Problem statement
From the first line to the last, set down the material exactly, leaving out its pictures.

Data

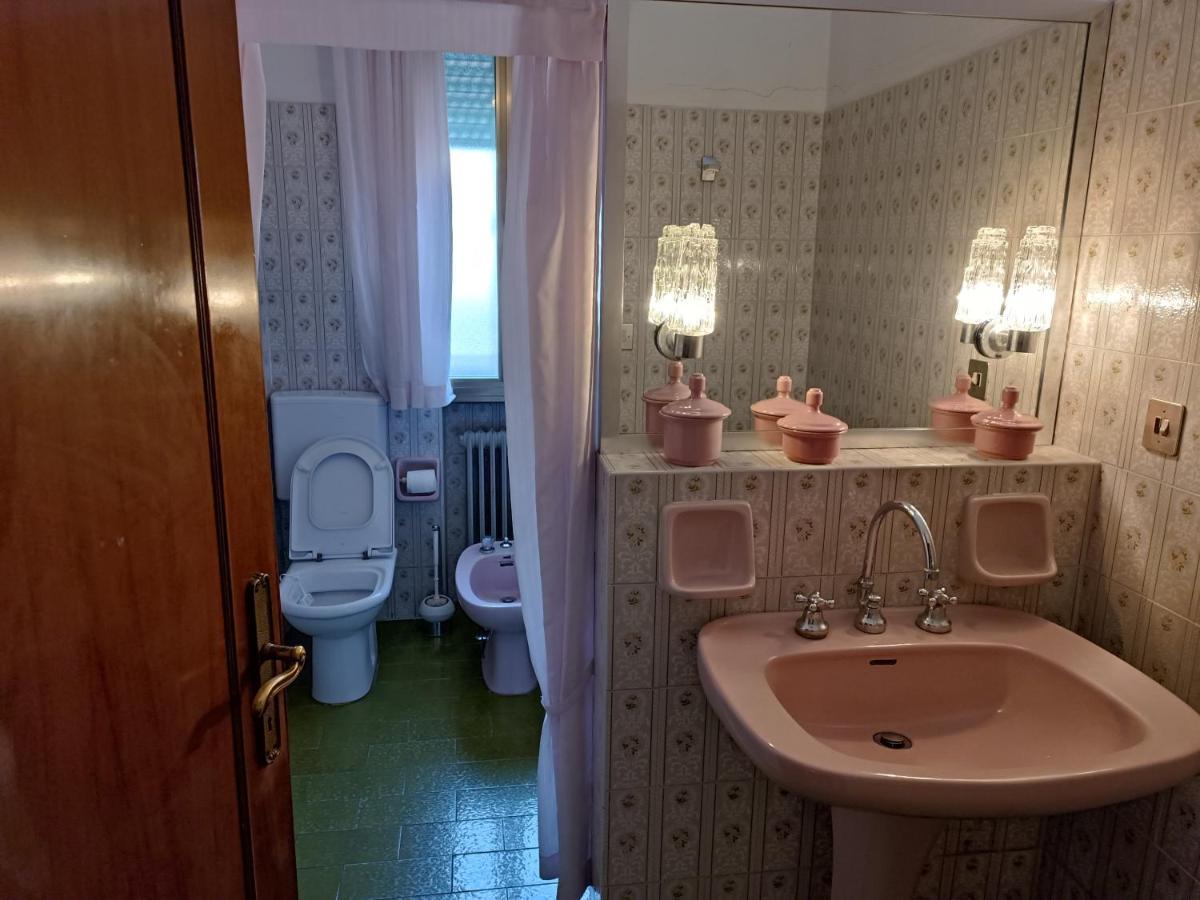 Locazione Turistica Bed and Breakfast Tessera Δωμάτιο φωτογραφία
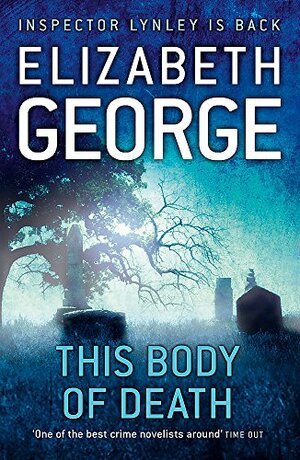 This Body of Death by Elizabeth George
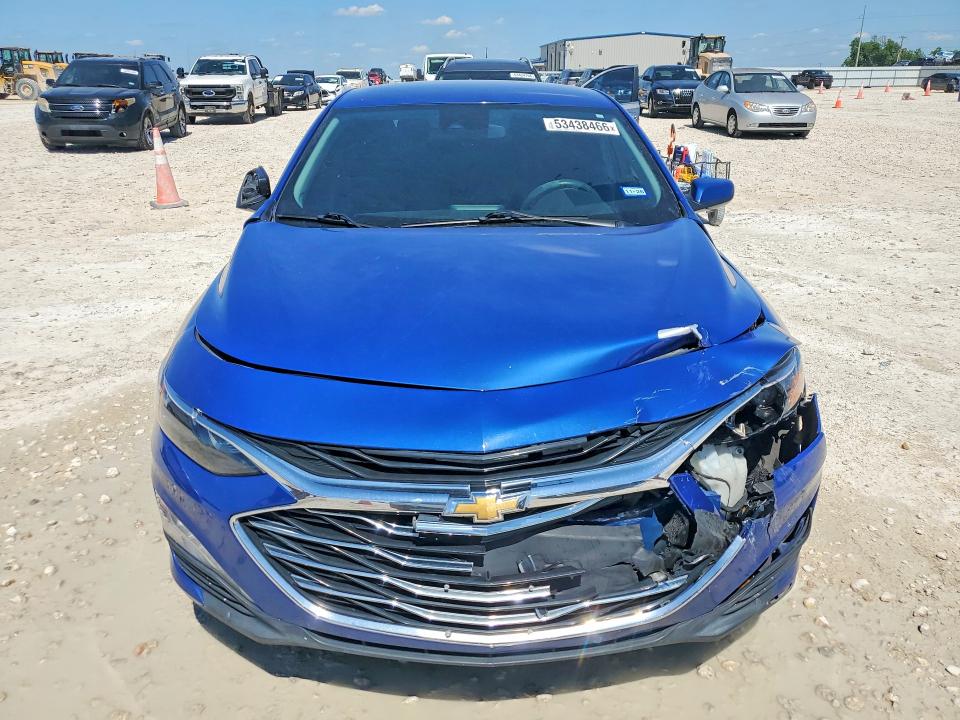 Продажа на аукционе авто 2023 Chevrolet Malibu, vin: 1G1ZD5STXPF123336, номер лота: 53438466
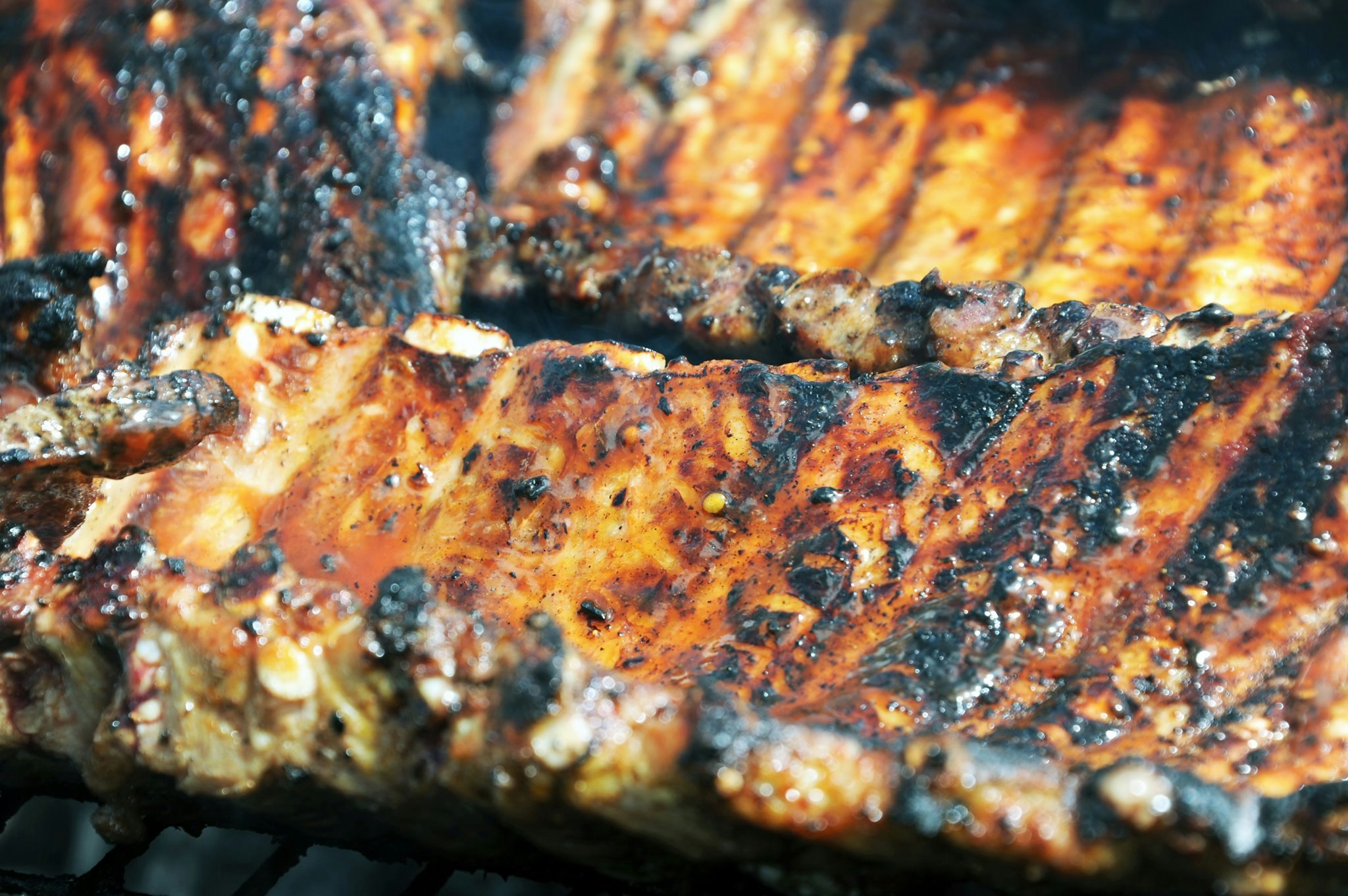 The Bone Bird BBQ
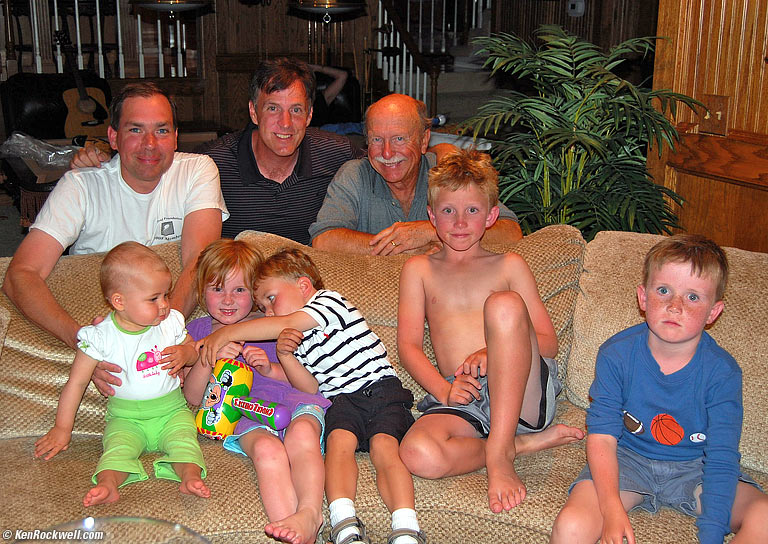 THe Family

Answer section
 Locazione Turistica Bed and Breakfast Tessera Δωμάτιο φωτογραφία
 This Body of Death by Elizabeth George
 Продажа на аукционе авто 2023 Chevrolet Malibu, vin: 1G1ZD5STXPF123336, номер лота: 53438466
 The Bone Bird BBQ
 THe Family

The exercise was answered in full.